Realisasi penerimaan pajak sampai dengan akhir Juli 2019 sebesar Rp 705,59 triliun atau 44,73 persen dari target APBN. Penerimaan pajak terus menunjukkan pelemahan seiring kinerja industri pengolahan dan industri berbasis komoditas yang juga turun.
Oleh
KARINA ISNA IRAWAN
·3 menit baca
JAKARTA, KOMPAS — Realisasi penerimaan pajak sampai dengan akhir Juli 2019 sebesar Rp 705,59 triliun atau 44,73 persen dari target APBN. Penerimaan pajak terus menunjukkan pelemahan seiring kinerja industri pengolahan dan industri berbasis komoditas yang juga turun.

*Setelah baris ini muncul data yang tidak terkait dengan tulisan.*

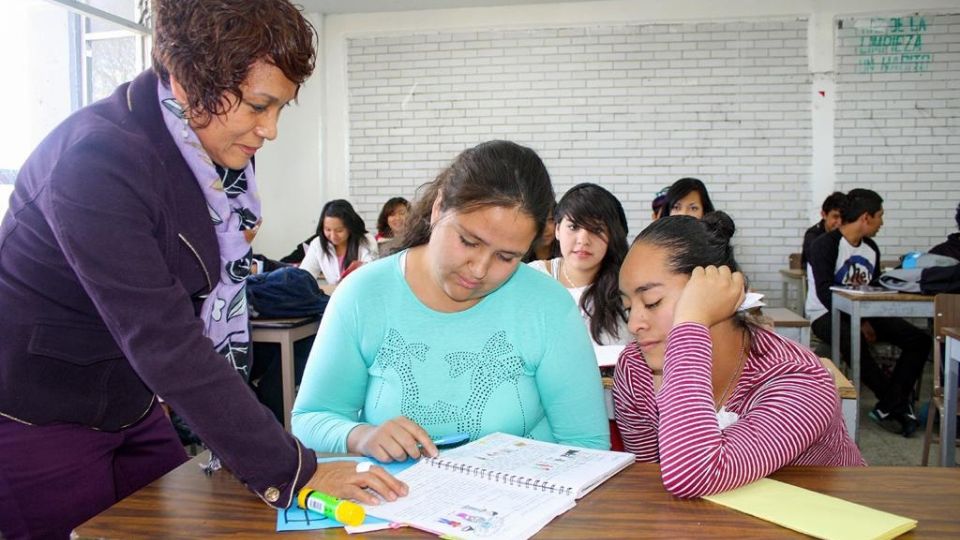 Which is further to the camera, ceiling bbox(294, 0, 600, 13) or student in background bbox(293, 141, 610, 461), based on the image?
ceiling bbox(294, 0, 600, 13)

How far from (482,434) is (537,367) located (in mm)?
172

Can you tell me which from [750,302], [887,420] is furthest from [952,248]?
[750,302]

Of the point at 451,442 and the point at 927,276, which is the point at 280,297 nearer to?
the point at 451,442

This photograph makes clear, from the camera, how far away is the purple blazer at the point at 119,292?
99cm

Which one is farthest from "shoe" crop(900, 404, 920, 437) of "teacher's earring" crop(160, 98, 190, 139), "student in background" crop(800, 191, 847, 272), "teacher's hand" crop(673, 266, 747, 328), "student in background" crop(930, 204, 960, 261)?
"teacher's earring" crop(160, 98, 190, 139)

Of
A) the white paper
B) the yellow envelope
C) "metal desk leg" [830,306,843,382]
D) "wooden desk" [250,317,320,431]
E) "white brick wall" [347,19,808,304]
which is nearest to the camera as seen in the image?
the yellow envelope

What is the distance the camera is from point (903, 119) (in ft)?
22.3

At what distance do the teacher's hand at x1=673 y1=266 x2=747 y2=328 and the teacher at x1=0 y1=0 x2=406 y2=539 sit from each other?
2.02 ft

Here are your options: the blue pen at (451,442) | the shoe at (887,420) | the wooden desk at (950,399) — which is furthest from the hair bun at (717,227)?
the shoe at (887,420)

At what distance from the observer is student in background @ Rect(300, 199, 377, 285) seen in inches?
234

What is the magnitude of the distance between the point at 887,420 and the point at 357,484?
4.45 meters

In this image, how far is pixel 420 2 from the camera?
7.15 meters

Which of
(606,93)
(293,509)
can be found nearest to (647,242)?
(293,509)

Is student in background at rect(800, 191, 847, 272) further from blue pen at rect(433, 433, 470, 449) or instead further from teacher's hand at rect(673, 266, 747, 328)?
blue pen at rect(433, 433, 470, 449) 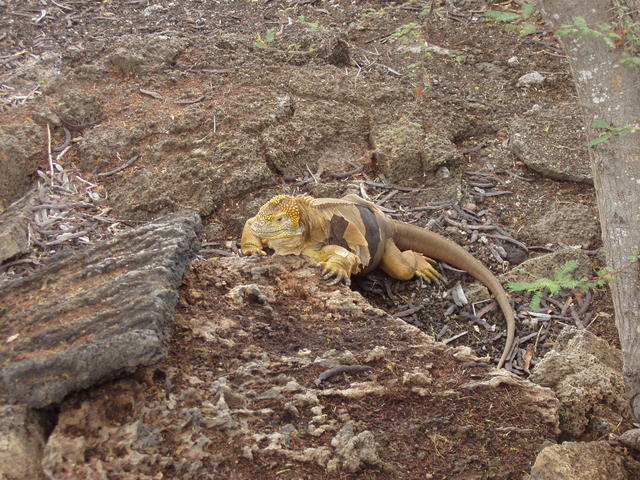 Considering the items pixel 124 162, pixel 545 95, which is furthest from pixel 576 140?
pixel 124 162

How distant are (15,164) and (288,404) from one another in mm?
4414

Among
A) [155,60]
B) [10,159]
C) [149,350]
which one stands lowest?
[10,159]

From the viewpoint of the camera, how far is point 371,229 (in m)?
5.36

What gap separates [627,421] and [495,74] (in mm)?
5272

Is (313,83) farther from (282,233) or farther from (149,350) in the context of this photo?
(149,350)

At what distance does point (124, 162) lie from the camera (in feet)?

Mengutip data Kementerian Keuangan, realisasi penerimaan pajak pada Juli 2019 tumbuh 2,67 persen dibandingkan dengan Juli 2018. Padahal, pada Juli 2018, penerimaan pajak tumbuh 14,32 persen ketimbang Juli 2017.
Pertumbuhan seluruh jenis pajak pada Juli 2019 melambat. Pajak Penghasilan (PPh) badan tumbuh paling lambat, yakni 0,9 persen. Adapun Pajak Pertambahan Nilai (PPN) dalam negeri dan impor turun masing-masing 4,7 persen dan 4,5 persen.

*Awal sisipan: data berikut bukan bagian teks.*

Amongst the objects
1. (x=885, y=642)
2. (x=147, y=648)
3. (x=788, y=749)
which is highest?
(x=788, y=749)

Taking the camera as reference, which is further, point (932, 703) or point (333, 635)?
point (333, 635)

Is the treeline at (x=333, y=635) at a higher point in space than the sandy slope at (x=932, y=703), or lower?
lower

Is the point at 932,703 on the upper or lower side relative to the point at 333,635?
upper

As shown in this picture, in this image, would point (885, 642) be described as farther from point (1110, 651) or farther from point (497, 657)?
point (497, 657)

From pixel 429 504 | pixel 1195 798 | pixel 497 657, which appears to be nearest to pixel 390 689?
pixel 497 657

Menteri Keuangan Sri Mulyani Indrawati mengatakan, PPh badan, PPN dalam negeri, dan PPN impor mengalami tekanan akibat kinerja industri pengolahan dan industri berbasis komoditas turun. Padahal, porsi ketiga jenis pajak itu terhadap total penerimaan di atas 50 persen.

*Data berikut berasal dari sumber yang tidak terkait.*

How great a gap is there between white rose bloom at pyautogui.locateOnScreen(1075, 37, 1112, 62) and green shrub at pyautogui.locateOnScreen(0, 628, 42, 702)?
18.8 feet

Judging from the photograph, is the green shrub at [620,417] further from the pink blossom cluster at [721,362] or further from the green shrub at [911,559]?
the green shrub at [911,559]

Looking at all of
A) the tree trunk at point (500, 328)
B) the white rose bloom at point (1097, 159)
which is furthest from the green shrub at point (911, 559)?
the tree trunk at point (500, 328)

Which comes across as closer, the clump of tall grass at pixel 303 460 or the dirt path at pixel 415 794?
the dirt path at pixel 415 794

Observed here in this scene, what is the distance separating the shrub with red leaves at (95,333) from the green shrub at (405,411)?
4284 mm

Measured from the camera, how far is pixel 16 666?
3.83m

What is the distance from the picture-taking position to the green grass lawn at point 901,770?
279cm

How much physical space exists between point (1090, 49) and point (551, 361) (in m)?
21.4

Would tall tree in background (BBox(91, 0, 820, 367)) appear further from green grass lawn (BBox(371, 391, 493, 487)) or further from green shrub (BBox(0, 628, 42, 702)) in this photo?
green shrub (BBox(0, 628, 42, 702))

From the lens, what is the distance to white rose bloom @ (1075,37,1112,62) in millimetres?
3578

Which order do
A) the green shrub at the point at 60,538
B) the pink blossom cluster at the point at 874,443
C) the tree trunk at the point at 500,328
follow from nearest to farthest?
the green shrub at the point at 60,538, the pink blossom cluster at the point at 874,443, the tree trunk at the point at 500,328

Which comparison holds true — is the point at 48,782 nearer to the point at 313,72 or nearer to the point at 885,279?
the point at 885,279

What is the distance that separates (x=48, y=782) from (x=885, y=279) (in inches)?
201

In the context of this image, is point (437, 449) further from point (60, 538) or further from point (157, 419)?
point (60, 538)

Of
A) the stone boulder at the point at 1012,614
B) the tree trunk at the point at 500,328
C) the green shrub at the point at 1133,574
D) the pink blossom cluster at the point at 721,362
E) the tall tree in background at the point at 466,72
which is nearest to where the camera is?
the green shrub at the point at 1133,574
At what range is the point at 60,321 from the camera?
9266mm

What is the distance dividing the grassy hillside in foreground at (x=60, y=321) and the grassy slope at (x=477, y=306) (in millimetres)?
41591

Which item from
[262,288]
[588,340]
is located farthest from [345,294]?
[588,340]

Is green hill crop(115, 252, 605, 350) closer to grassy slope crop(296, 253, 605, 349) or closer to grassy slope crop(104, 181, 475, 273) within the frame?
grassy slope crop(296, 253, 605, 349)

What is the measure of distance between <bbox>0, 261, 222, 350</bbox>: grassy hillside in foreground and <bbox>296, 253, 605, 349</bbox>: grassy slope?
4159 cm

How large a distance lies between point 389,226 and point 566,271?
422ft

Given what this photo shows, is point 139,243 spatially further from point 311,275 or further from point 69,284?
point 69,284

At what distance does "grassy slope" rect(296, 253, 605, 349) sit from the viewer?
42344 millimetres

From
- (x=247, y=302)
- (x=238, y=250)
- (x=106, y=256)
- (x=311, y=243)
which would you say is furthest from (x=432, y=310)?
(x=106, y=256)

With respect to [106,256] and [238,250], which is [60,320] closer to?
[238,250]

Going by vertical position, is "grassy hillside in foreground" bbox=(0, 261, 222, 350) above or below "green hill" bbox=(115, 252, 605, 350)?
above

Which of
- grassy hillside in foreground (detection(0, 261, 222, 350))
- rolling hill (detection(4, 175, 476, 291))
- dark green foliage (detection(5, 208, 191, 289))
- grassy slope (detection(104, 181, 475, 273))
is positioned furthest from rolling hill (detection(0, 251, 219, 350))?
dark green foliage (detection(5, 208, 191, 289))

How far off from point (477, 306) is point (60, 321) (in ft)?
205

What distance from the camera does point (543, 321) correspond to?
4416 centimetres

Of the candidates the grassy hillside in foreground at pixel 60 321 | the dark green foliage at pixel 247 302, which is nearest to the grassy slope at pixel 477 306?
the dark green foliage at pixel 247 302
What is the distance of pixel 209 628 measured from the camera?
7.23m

”Penerimaan itu mencerminkan kondisi ekonomi kita yang mengalami tekanan dari gejolak global, terutama penurunan ekspor dan harga komoditas,” kata Sri Mulyani dalam konferensi pers kinerja APBN edisi Juli 2019 di Jakarta, Senin (26/8/2019).
Perekonomian Indonesia bertumpu pada industri manufaktur dan industri berbasis sumber daya alam. Dinamika ekonomi global menyebabkan kinerja kedua sektor industri itu menurun sehingga berimbas ke setoran pajak korporasi. Pemerintah meningkatkan kewaspadaan seiring denyut ekonomi yang terus melemah.
Tekanan terhadap industri manufaktur dan industri berbasis komoditas juga terefleksikan pada penerimaan pajak sektoral. Penerimaan pajak dari industri pengolahan pada Juli 2019 turun 4,3 persen menjadi Rp 187,72 triliun, sementara pertambangan turun 12,3 persen menjadi Rp 37,32 triliun
Sri Mulyani mengatakan, penerimaan PPh karyawan dan orang pribadi mesti ditingkatkan untuk mengompensasi penurunan PPh badan, PPN dalam negeri, dan PPN impor. Langkah itu perlu dilakukan guna menyeimbangkan kondisi penerimaan dan memperkecil defisit APBN.
”Tantangan Indonesia kini agar PPh karyawan dan orang pribadi ditingkatkan untuk menjadi penyeimbang. Oleh karena itu, perlu ada perluasan tax based,” kata Sri Mulyani.
Porsi penerimaan PPh karyawan dan orang pribadi masih relatif rendah sekitar 15 persen dari total penerimaan pajak. Pada Januari-Juli 2019, realisasi PPh karyawan sebesar Rp 91,56 triliun, tumbuh 12,31 persen. Sedangkan, PPh orang orang pribadi Rp 139,19 triliun, tumbuh 0,94 persen.
Porsi penerimaan PPh karyawan dan orang pribadi masih relatif rendah sekitar 15 persen dari total penerimaan pajak.
Direktur Jenderal Pajak Kemenkeu Robert Pakpahan menambahkan, tantangan utama penerimaan perpajakan Januari-Juli 2019 berasal dari tingginya restitusi, moderasi harga komoditas di pasar global sehingga penerimaan PPh migas menurun, normalisasi aktivitas impor, dan perlambatan sektor manufaktur.
Dihubungi secara terpisah, Kepala Pusat Kajian Ekonomi Makro Universitas Indonesia Febrio Kacaribu berpendapat, kinerja ekspor dan investasi yang lemah menjadi tantangan terbesar bagi pertumbuhan ekonomi tahun ini. Reformasi struktural di sektor manufaktur dan perdagangan tidak mungkin memberikan hasil dalam jangka pendek.
Dibutuhkan tindakan nyata dan konkret dari pemerintah. Prosedur dan biaya yang dibutuhkan untuk memulai bisnis harus ditekan. Selain itu, waktu dan biaya untuk mengekspor perlu dipotong secara signifikan. Reformasi besar-besaran pada sistem birokrasi perlu segera dilakukan.